Sounds very expensive, complicated, and slow to implement? Whats wrong with land-based solar? We can implement storage systems, and/or overlap with wind, geothermal, methane digesters, wave power, tidal power, small scale hydro, biomass -- a varied mix for the needs and resources of various locations. One big "silver bullet" answer is not going to be possible, nor would it really be desirable.


Land based solar is great. I hope to have it on my roof in the next few years. And variety is good. I don't want all our eggs in one basket but I do want to get off coal and all the tar sand and coal liquification type solutions that would send insane amounts of carbon into the atmosphere.

The point of space based solar is you have no atmospheric losses and the losses by conversion to microwave transmission and back to electric at the receiver is less than the atmospheric losses.

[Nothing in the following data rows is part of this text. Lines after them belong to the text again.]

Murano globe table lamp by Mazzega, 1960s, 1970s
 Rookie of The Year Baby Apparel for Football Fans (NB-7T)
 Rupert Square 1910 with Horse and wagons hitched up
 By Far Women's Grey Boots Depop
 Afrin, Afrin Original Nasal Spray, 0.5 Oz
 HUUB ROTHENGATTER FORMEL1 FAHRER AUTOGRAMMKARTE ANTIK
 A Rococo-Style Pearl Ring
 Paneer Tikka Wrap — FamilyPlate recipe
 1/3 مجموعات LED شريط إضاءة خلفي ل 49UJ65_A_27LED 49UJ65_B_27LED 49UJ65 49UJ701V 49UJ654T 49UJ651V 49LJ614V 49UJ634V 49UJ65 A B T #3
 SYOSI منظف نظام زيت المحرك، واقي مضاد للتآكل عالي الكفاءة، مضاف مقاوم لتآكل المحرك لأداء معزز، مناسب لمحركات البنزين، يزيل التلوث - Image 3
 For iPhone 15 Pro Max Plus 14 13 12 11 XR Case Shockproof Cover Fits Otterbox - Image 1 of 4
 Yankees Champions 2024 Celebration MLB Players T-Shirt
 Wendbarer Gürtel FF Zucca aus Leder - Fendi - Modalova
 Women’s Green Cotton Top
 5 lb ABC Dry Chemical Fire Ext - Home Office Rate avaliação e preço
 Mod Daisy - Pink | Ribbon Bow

In addition solar on my roof would only give full power for about 5 hours a day but solar in space if done right gives full power 24/7 (you put the solar cells out far enough they are never in shadow. No night if your orbit is right).

Here let me quote some

Quote:
...If solar cells at Earth's surface were to be used to supply all our electric power, we would have to cover about forty times as much area, or about 8 percent of the continental United States, with opaque solar arrays. [his math was done assuming efficiency of about 16% for ground based cells and 80% for space based cells. Efficiency for both would be higher now] ... The average over a year of solar energy intensity in the United States is only an eighth as much as in space.


8 times the solar intensity * 24/5 is about 40 times the power gross and even if half the energy is lost in transmission/conversion you still end up with 15-20 times as much energy per cell from space based solar plants.

The only thing holding this back is launch costs and we have to hope that SpaceX and the like will make this reasonable. NASA hasn't done it.

Image

You do realize that that little green line has to grow to replace that entire red area to stop Global Warming don't you?

No small scale change is going to make that green like grow. It's going to take big thinking and money to change this situation.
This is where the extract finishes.